Again, setting up URL redirects correctly is key. Due to Shopify’s specific system of collections and subcollections, it is impossible to transfer the URLs unchanged. And it is crucial to arrange redirects for the links of your products and collections that will appear in search engine results.

Consider using an app like Cart2Cart while performing data import to Shopify to ensure proper 301 redirects for the links to your new store.

As you can see, there’s a lot you can do to boost your website’s search engine visibility. If your head’s spinning trying to sort out all the SEO tasks that need to be done, then here’s a handy checklist you can tick off as you progress:

On-page SEO:
  • Use only one H1 tag on each page
  • Write compelling page titles (under 60 characters) and meta descriptions (under 155 characters)
  • Optimize all URLs
  • Set an alt text and descriptive file names for all images
  • Create long-form content such as how-to guides, listicles, and blog posts
  • Optimize all content (titles, metas, URLs, images, and copy) for the right keywords
Off-page SEO:
  • Build backlinks to your store
  • Earn media mentions and social proof
Advanced SEO:
  • Submit sitemap to Google
  • Optimize site structure
  • Optimize page loading speed
  • Use AMP
  • Ensure responsive design
  • Check and remove duplicate content
  • Incorporate structured data
  • Use redirects when needed

And here’s the list of all the recommended (free and paid) apps mentioned in this guide for various SEO purposes that you can add to your store to improve its SEO:

In addition to these, an important free app you must add is Google Shopping. As hundreds of millions of people come to Google for their shopping needs, the Google Shopping tab is an attractive place for online businesses to list their products.

In the past, the Google Shopping tab consisted only of paid listings, but starting late April 2020, free listings will appear alongside paid ads in relevant search results. In fact, Shopify has partnered up with Google to make it easy for merchants to sync, submit, and optimize their products for these free listings through Shopify’s Google Shopping app. So make sure to add this app to try and get your products listed in the Google Shopping tab for free.

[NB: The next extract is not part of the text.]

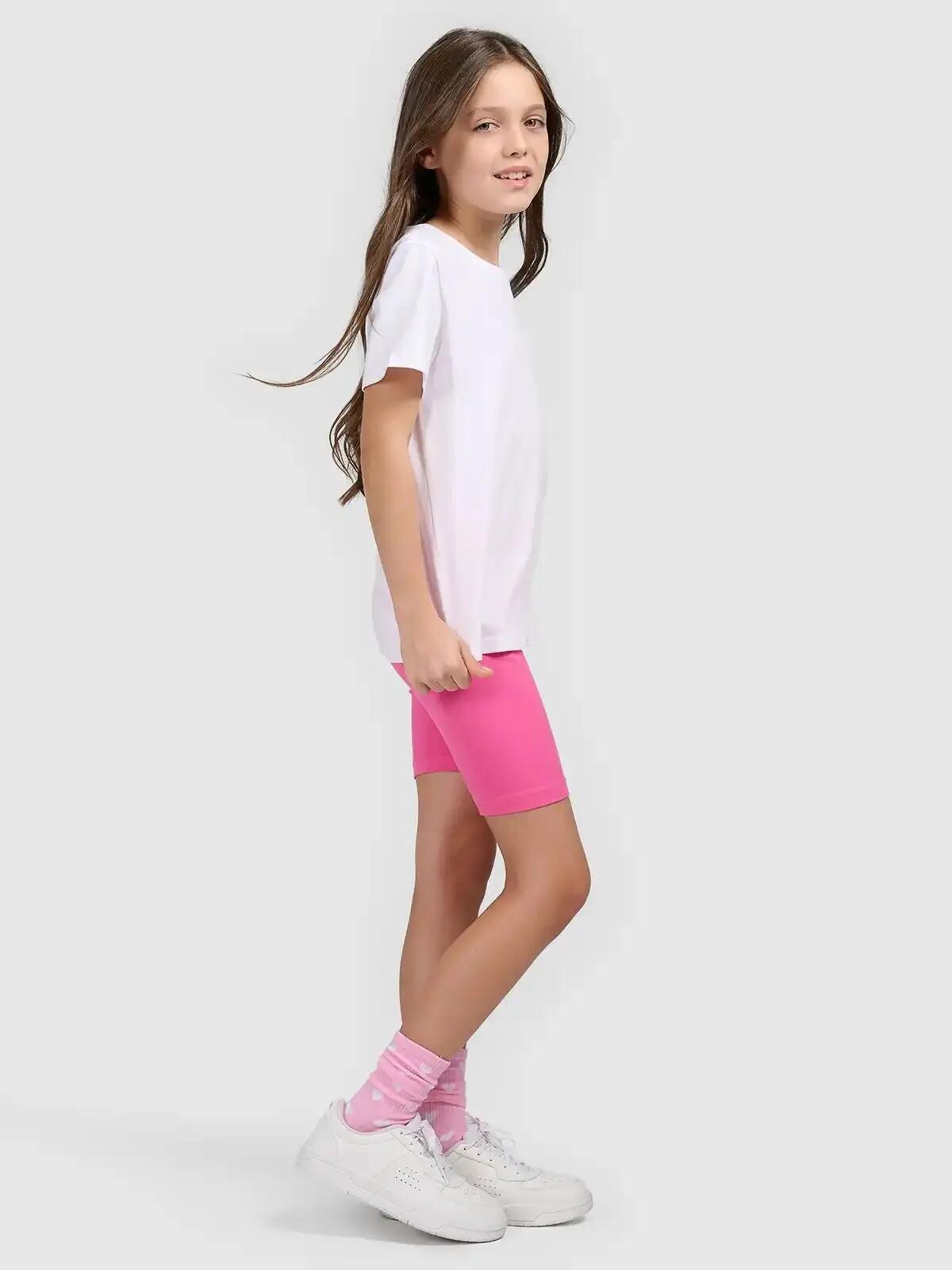 SPODENKI DZIEWCZĘCE 4F LEGGINSY KRÓTKIE KOLARKI NA LATO  RÓŻOWE 6/11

Last but not least, it’s important to only add apps that serve some purpose. Of course, you won’t add paid apps to your store that aren’t useful for you, but just because an app is free doesn’t warrant its installation.

That’s because bloating your store with too many apps will slow it down which, in turn, will affect your rankings negatively. Thus, only add apps that are useful for your store.

So, there you have it. Start with the basic on-page optimization techniques, try to be consistent with off-page optimization (building backlinks, earning media mentions, and social proof), and then take things to the next level by using structured data, AMP, CDN, and other advanced techniques.

Remember, building a successful business is a marathon, not a sprint. The same applies to SEO – it’ll take a few months to see notable results, but with consistent effort and some patience, boy will the results be worth it!